Les moins de 35 ans composent 55 % de cette population en 2004,
soit 7 points de mieux qu'en 2003. La moitié des français
travaillant hors de France a entre 25 et 35 ans. 60 % d'entre
eux sont sous contrat local, répondant aux sollicitations
des entreprises étrangères.
Les contrats locaux augmentent donc en nombre. Mis à part
les indépendants (créateurs d'entreprise, commerçants
et professions libérales), les expatriés sont 62 %
à avoir un contrat local, dont 54 % a être employés
par une entreprise locale (ni détaché ni expatrié
par une entreprise française) soit 12 points de plus qu'en
2003. Les contrats français, moins nombreux quant à
eux, concernent à 90 % les cadres de grandes sociétés.

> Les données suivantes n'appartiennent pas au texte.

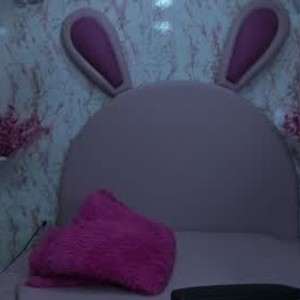 livesex.fan petite_nahommii livesex profile in 18 cams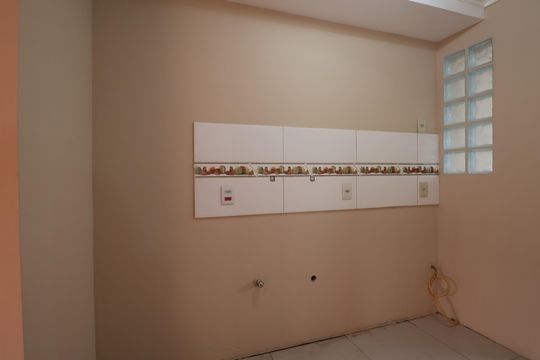 Cozinha de casa de condomínio para alugar com 3 quartos, 88m² em Rio Branco, Canoas
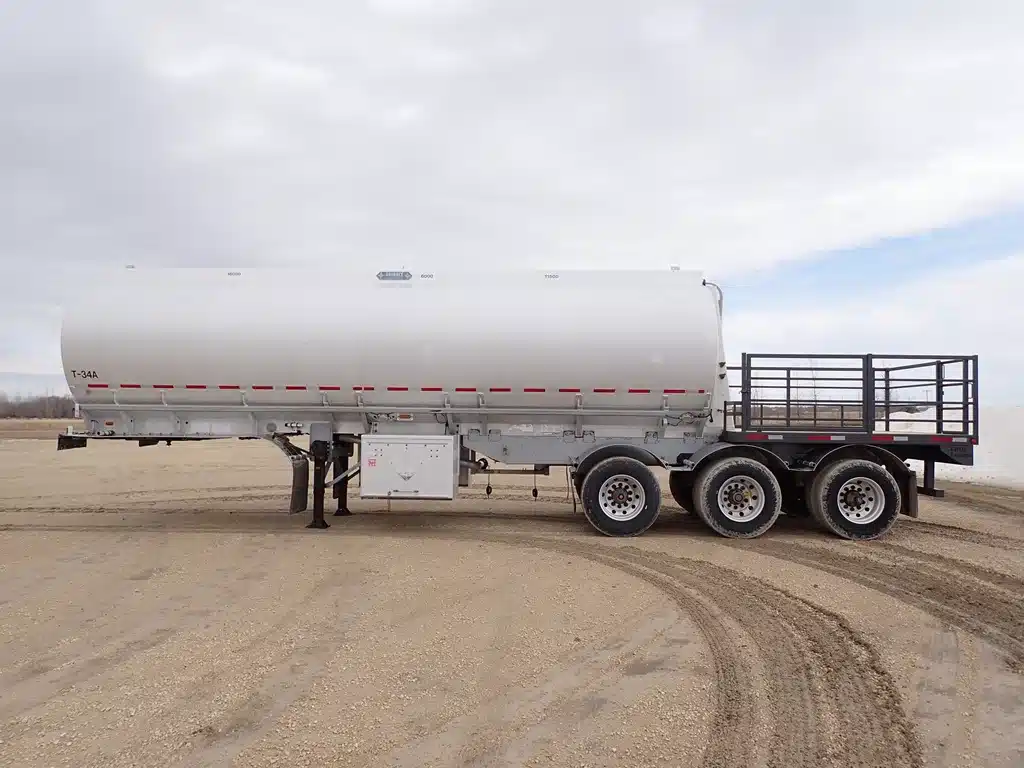 2008 Advance Tridem Aluminum Tank Deck Trailer - Tanker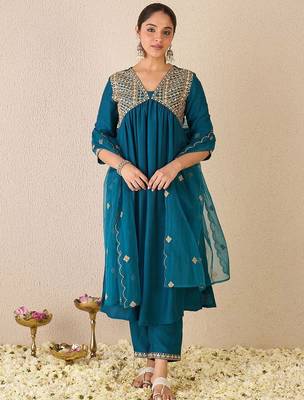 Women Ethnic Motifs Embroidered Empire Gotta Patti Kurta with Trousers & With Dupatta 2
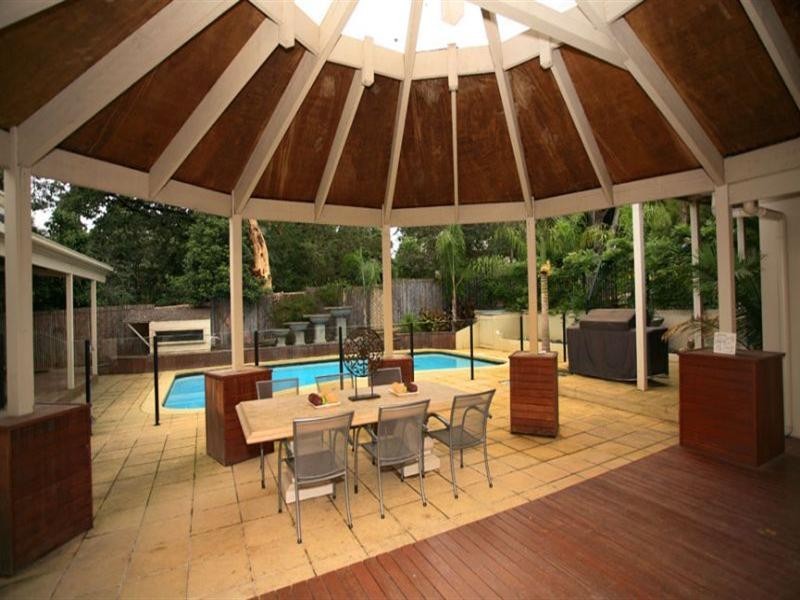 16 Pleasant View Crescent, Wheelers Hill VIC 3150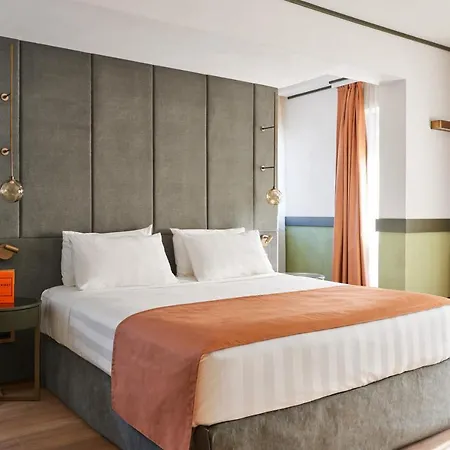 Fifty House Cellini Hotel Mediolan
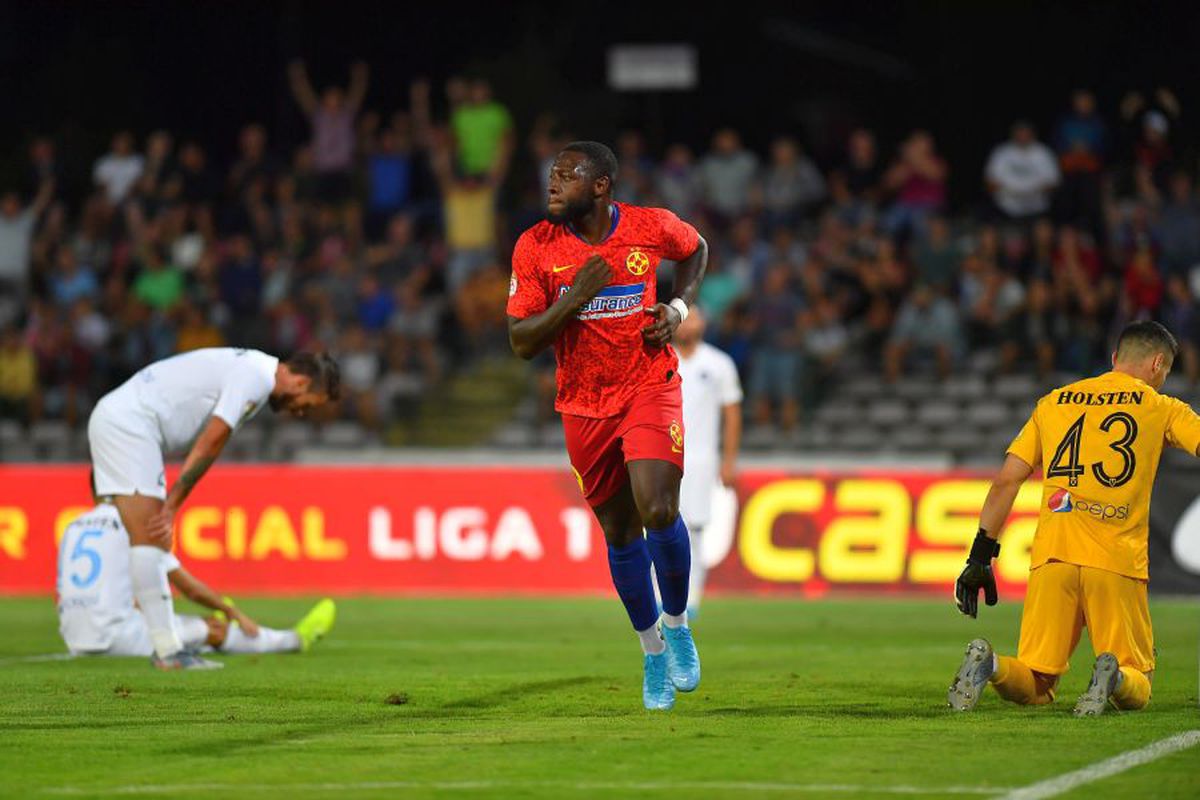 FCSB - VIITORUL 2-1 / A trecut ca prin brânză! Secvență excelentă de imagini suprinse de fotoreporterul GSP Raed Krishan cu gafele în serie ale fundașilor Viitorului la golul lui Gnohere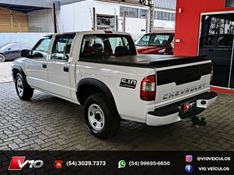 CHEVROLET S10 2.4 MPFI ADVANTAGE 4X2 CD 8V 2010/2011 V10 VEÍCULOS CAXIAS DO SUL / Carros no Vale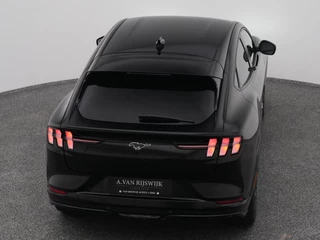 Ford Mustang Mach-E – thumbnail 12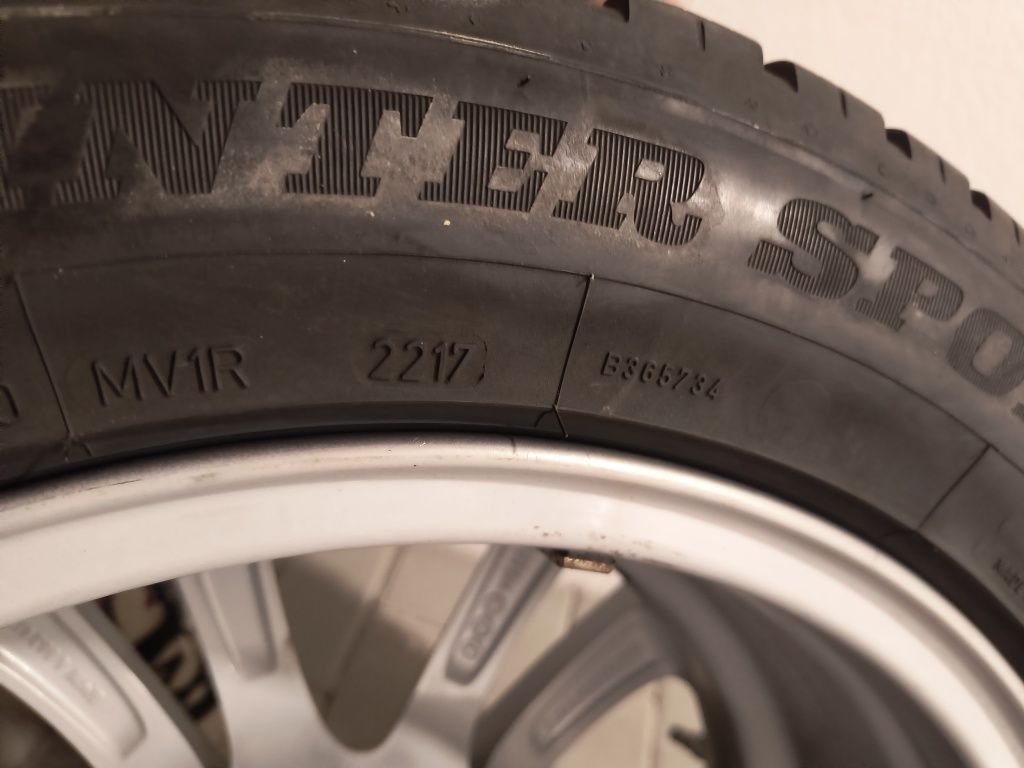 Felgi BMW G30 z oponami zimowymi Dunlop. 225/55/17.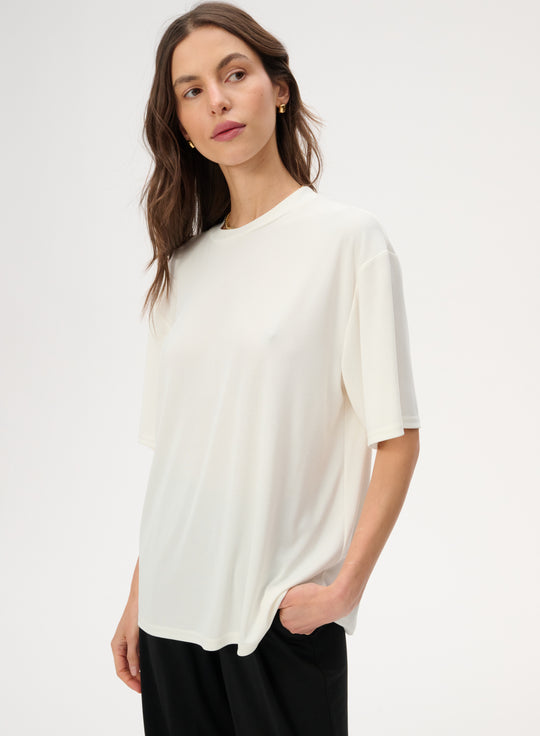 T-shirt z delikatnej dzianiny w kolorze ecru - Colin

La part de ceux qui gagnent moins de 30 000 euros augmente de 7 % en 2004. En proportion inverse, la part de ceux qui gagnent 76 000 euros et plus baisse également de 7 % en 2004. En contrepartie, l'employeur prend en charge en moyenne 54 % des frais de logement ainsi que 50 % de la protection sociale. Une compensation qui ne semble pas régler le problème du suivi des expatriés à l'étranger. Ainsi, ils sont un tiers à n'avoir de contact avec leur entreprise française qu'une fois par trimestre et même moins. Des échanges par e-mails en général ou bien par téléphone ou fax. La satisfaction à l'égard de la gestion des ressources humaines diminue, avec seulement 50 % de satisfaits en 2004 contre 61 % en 2003. Une préoccupation majeure des expatriés reste in fine la gestion du retour, pris en compte par seulement 38 % des entreprises. Elargissement oblige, les expatriés choisissent pourtant la proximité et les pays de l'Union européenne. En l'espace d'un an à peine, ces destinations de travail et de résidence sont passées de 35 % à 56 % de la population expatriée.